Tym razem zaczęłam od Chłodniku BIO czyli urozmaiconych kompozycji szefa kuchni na bazie sezonowych warzyw i owoców BIO. Na szczęście chłodnik był z botwiny, a nie z ogórków, bo mogłabym mieć problem. Bardzo dobry, lekki, chłodny, co w upalny wieczór było absolutnie nie do przecenienia. Z dużą ilością startej rzodkiewki. Bardzo dobry delikatny początek.

Na drugie wzięłam Krewetki w czosnkowym winie podane z zieloną pietruszką na plastrach grillowanego ziemniaka. Znakomite danie. Pyszne tzw. czosnkowe wino nie mające z winem prawie nic wspólnego, za to z czosnkiem bardzo dużo. Do tego bardzo dobre ziemniaki, choć nie jestem zwolenniczką ziemniaków i zwykle staram się je omijać. Grillowane, z pysznie przypieczonymi skórkami – smakowy szczyt ziemniaków.

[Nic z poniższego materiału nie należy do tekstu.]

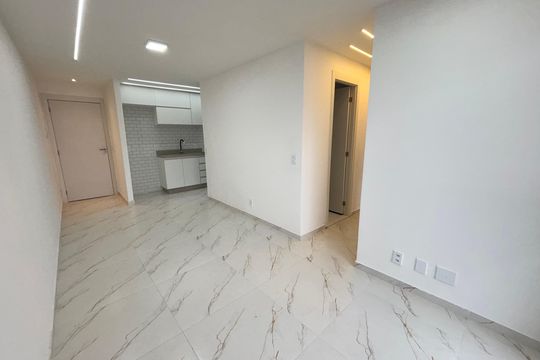 Sala de apartamento para alugar com 3 quartos, 75m² em Recreio dos Bandeirantes, Rio de Janeiro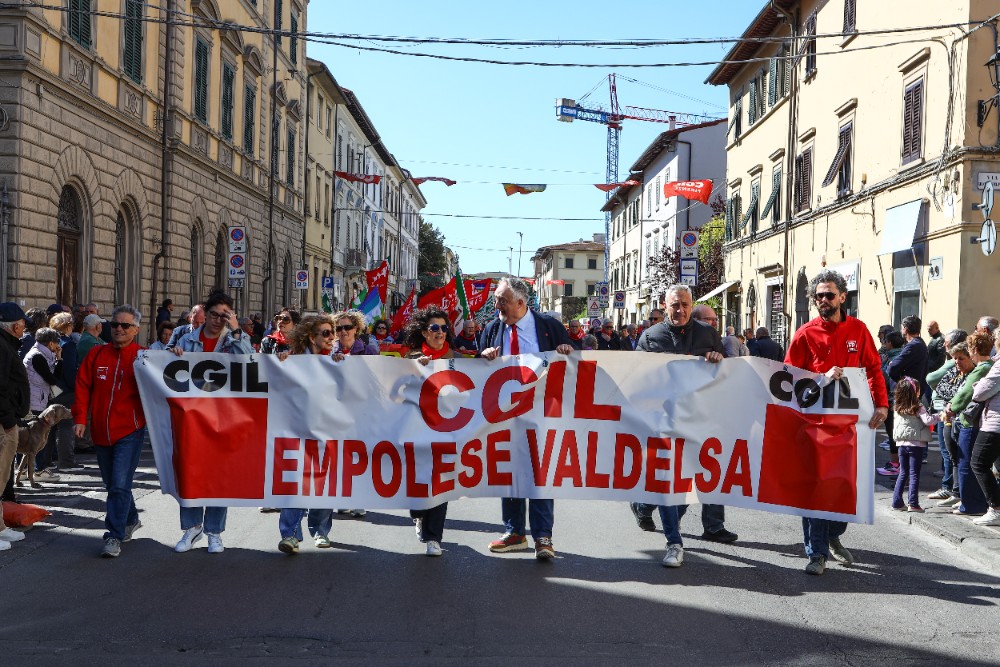Empoli, presidio Cgil davanti all’ospedale San Giuseppe: “Mancano 200 operatori”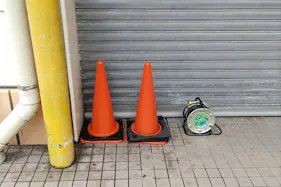 【ミスターマックス 岡山西店】駐車場(食品側入口横) 販促プロモーションや物販用途に最適な総合ディスカウントストアの催事イベントスペース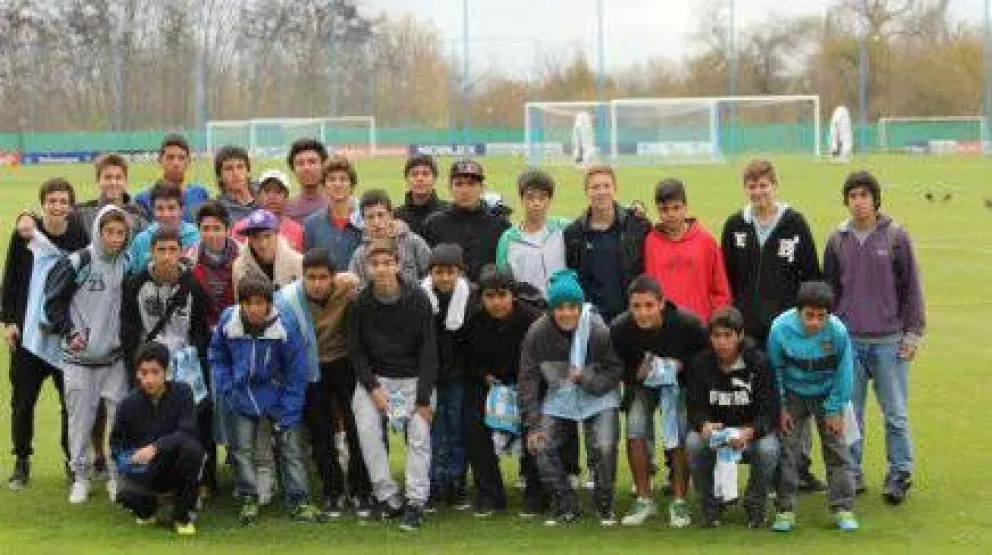 Culminó el viaje de la escuela de fútbol de la UTHGRA por Buenos Aires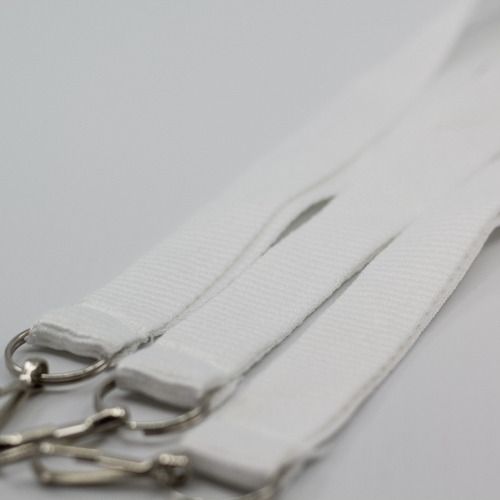 Imagen 4 de 7 de Cintas Lanyards Blancas Sublimar 20mm Con Mosquetón Pack 300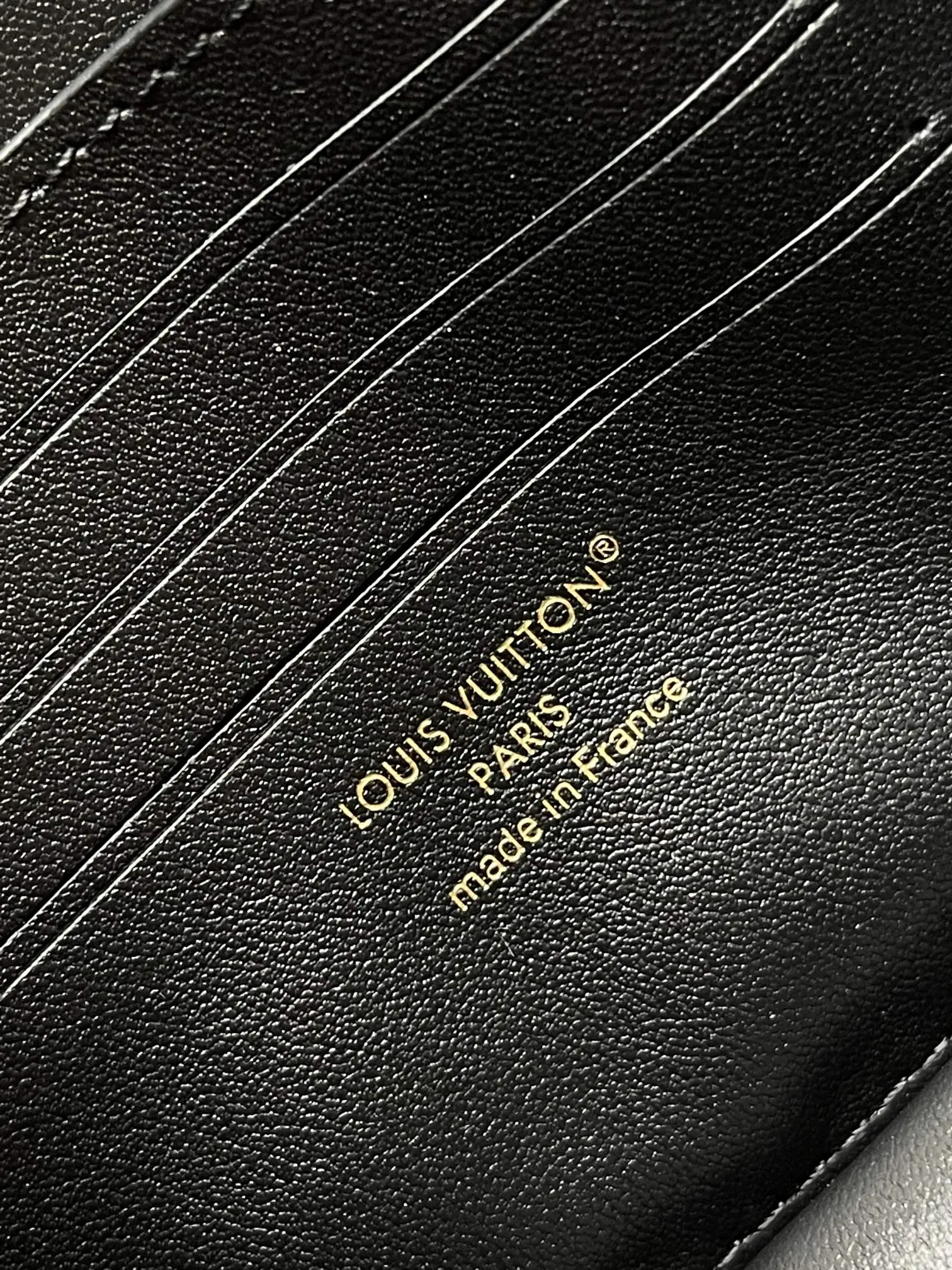 💰860 (top layer leather) top original single 163c01 chip M14564 black M14547 blue M14581 apricot M14548 rose authentic development This Wallet On Chain handbag comes from Louis Vuitton's LV Bloom series. It is cut from cow leather in a fashionable and practical configuration. It's decorated with embellishments inspired by the brand's iconic Monogram pattern. There's plenty of space to store a smartphone, and contrasting metal hardware adds an elegant touch. Dimensions: 11.5 x 4 x 20 cm (H x W x Length)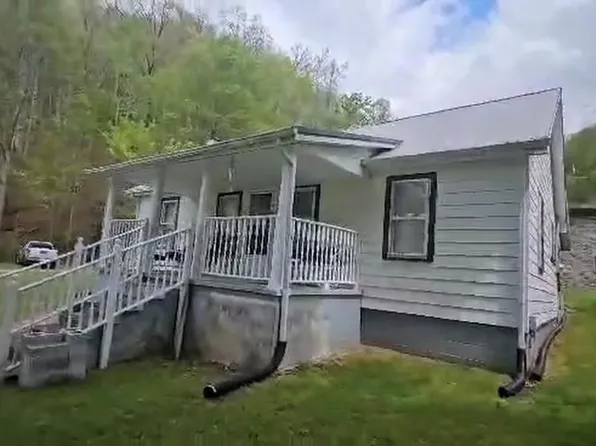 1022 Dry Tripe Rd, Grundy, VA 24614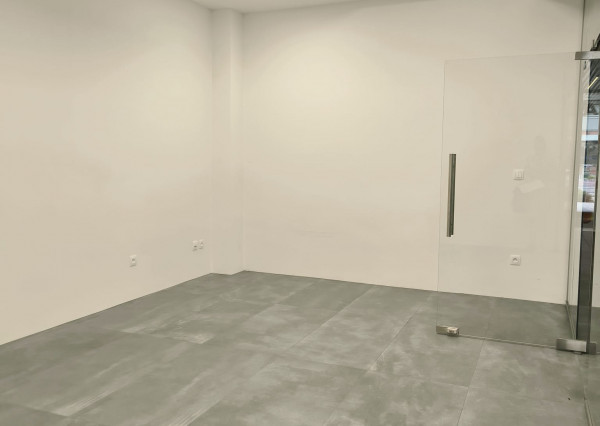 Na prenájom moderný obchodný priestor v centre mesta Malacky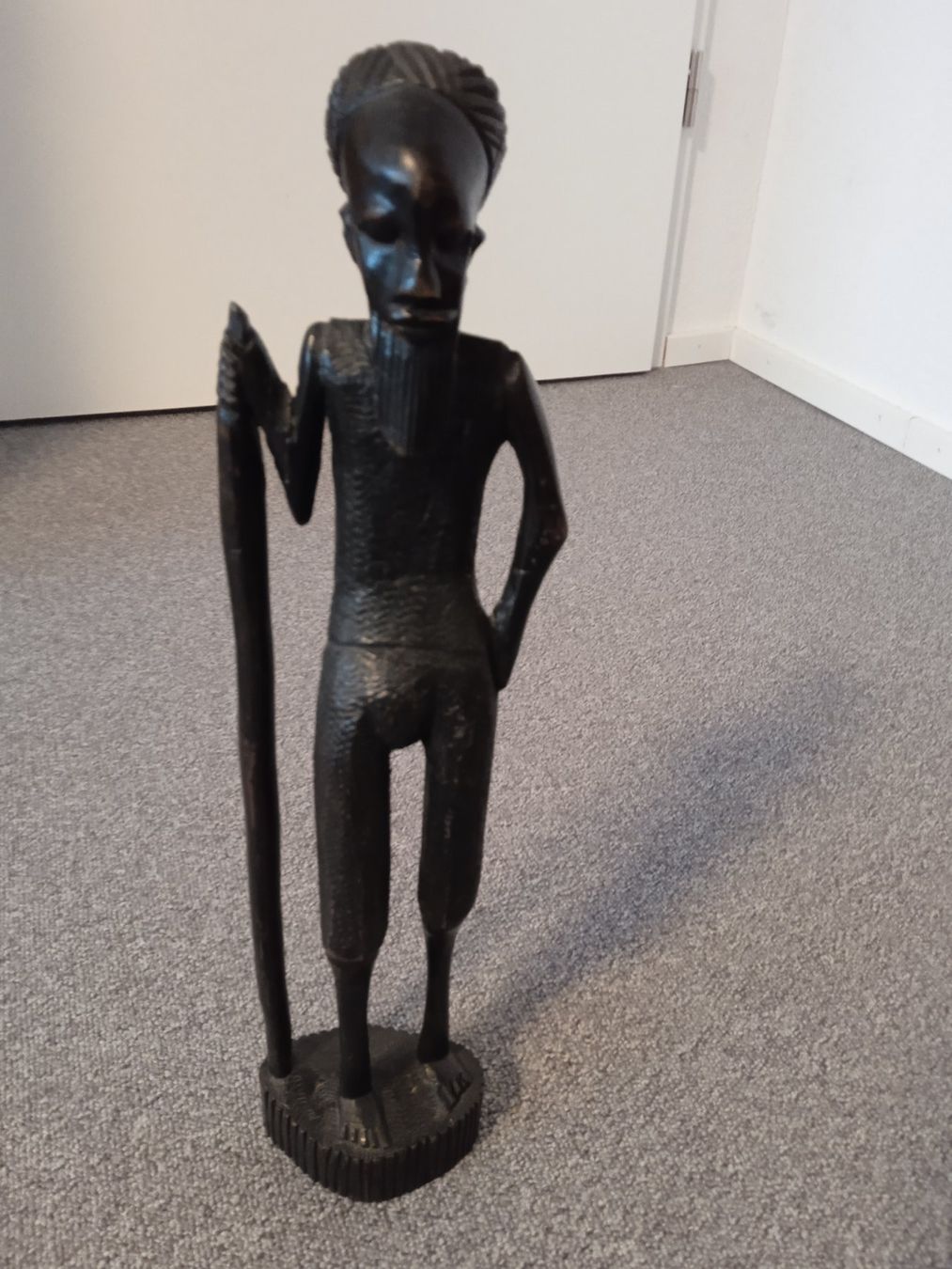 Sculture & Statue: Afrikanische Holzfigur – Usato da Wängi venduto da Mrmarcel6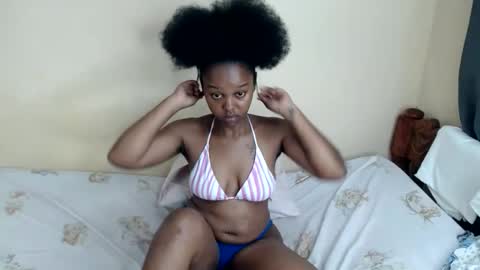 Snapshot of lush_goddess chatting on April 23, 12:12 am shan online show from April 23, 12:12 am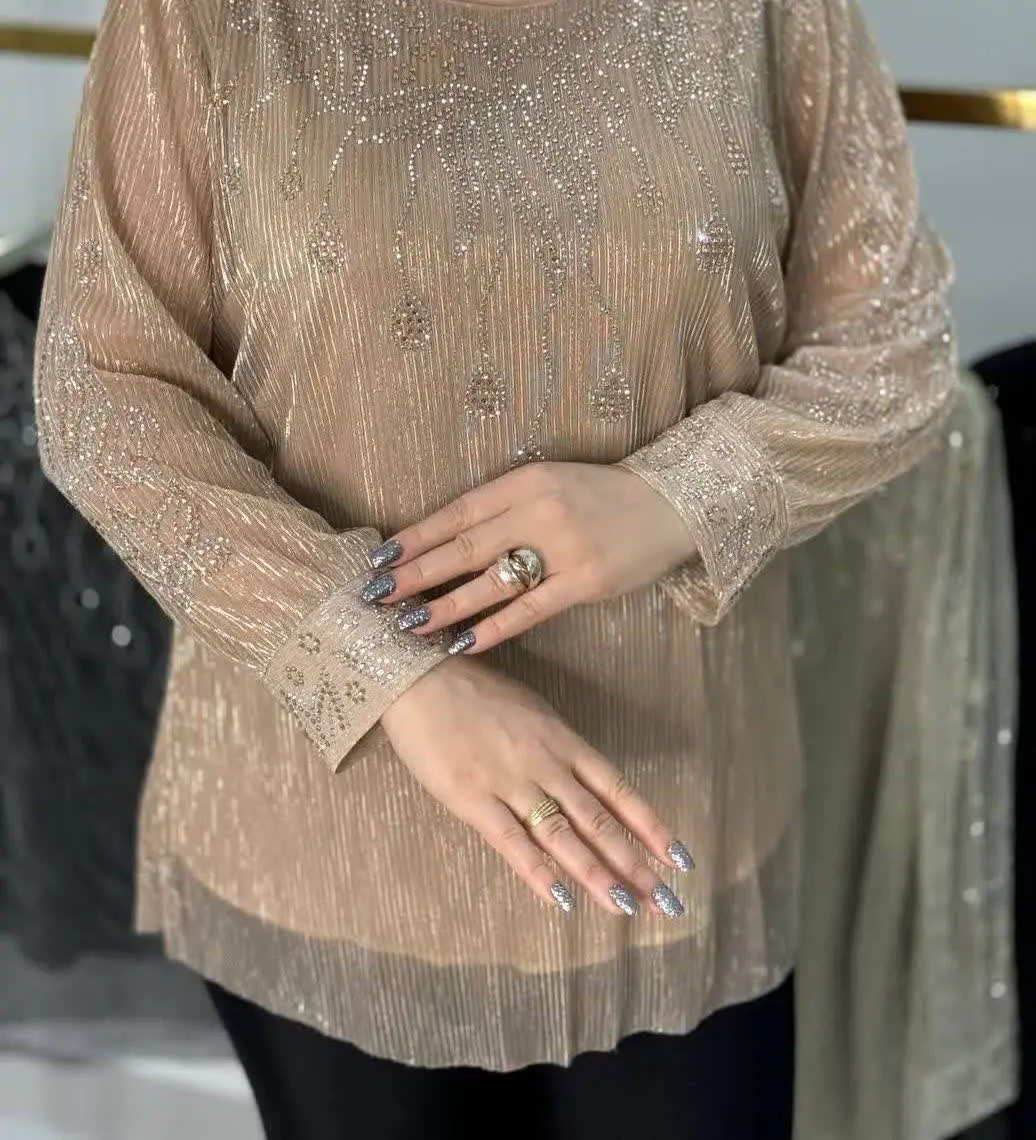 بلوز مجلسی شاین دار وارداتی😍❤️‍🔥
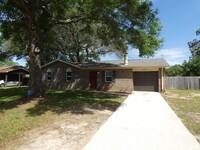 Building Photo - Charming 3 bedroom, 2 bath home convenient...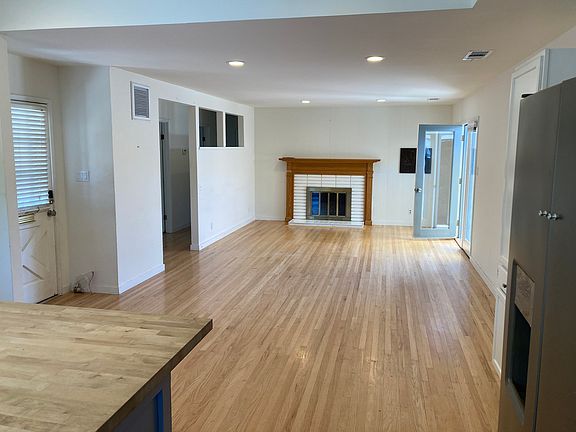 3rd image of 1388 Merrywood Dr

Deser – Mus czekoladowy FAIRTRADE z owocami filetowanymi i wino – argentyńskie Viognier – pozostały w stosunku do poprzedniej wizyty bez zmian. Podobnie doskonała obsługa, dobrze dobrana muzyka i ogólne bardzo dobre wrażenie. Po czterech miesiącach Porta 13 w dalszym ciągu w najwyższej formie. Kiedyś jeszcze przyjdę tu na śniadanie biznesowe.